Proibir jogos pode mesmo diminuir a abstenção?
Das dúvidas da esquerda às críticas duras da direita, todos os partidos já reagiram à notícia e parecem concordar que a proibição não é o melhor caminho.
O secretário-geral do PCP, Jerónimo de Sousa, disse que “seria desejável que não houvesse sobreposição, em particular de jogos de futebol”, mas reconheceu que o “estímulo e mobilização” para a participação dos cidadãos nos atos eleitorais “não se consegue por decreto, mas sim com esse empenhamento para que as eleições se possam realizar com a mais ampla participação possível”.
Também a coordenadora do Bloco de Esquerda, Catarina Martins, diz não achar que a proibição “seja uma forma de diminuir a abstenção”, que classifica como “um problema grande no nosso país e é um problema que tem até a ver com a credibilidade do próprio compromisso político”. “A abstenção é um problema muito vasto, muito maior do que jogos de futebol”, destacou a líder bloquista.

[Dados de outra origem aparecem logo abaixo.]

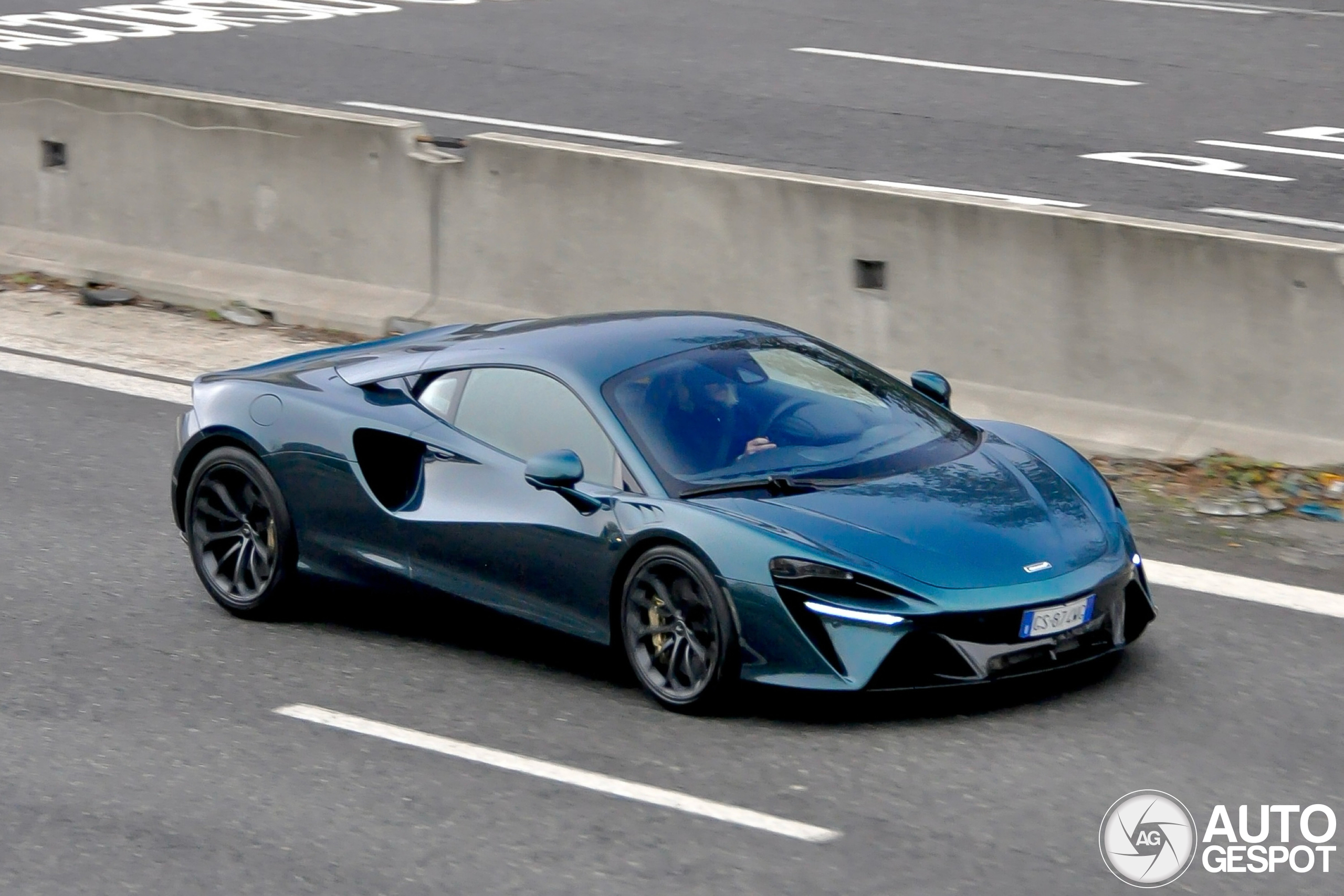 McLaren Artura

Até do lado do próprio PS parece haver dúvidas sobre a medida apresentada pelo Governo socialista. “Legislar especificamente sobre eventos desportivos pode ser útil mas pouco adianta à participação eleitoral”, disse Carlos César, líder parlamentar do PS. “É claro que seria preferível que outros eventos não contribuíssem para qualquer perturbação no dia do ato eleitoral”, sublinhou, acrescentando que não há “um drama no facto de estarem marcados jogos de futebol” para o dia das eleições autárquicas.
À direita, as críticas são mais duras. A líder do CDS, Assunção Cristas, diz que não vê “mal” se a medida avançar, mas sublinhou que não acredita “que os elevados níveis de abstenção no nosso país tenham a ver com um pontual jogo de futebol”. “Idealmente, no dia das eleições”, quanto “menos outras atrações, melhor”, disse Cristas. Contudo, sublinhou que “as urnas estão abertas muitas horas” e “as pessoas que querem votar têm muitas horas para o fazer e podem organizar o seu dia para votar mais cedo e depois verem o seu jogo de futebol”.
Do PSD chegaram as críticas mais contundentes, com o deputado social-democrata Luís Marques Guedes a considerar a medida “uma manobra de diversão e um insulto que procura infantilizar a mentalidade dos portugueses”. ” O que virá a seguir? Proibir cinemas, teatros, que se encerrem os museus ou os centros comerciais em dias de voto?”, questionou, em declarações à TSF.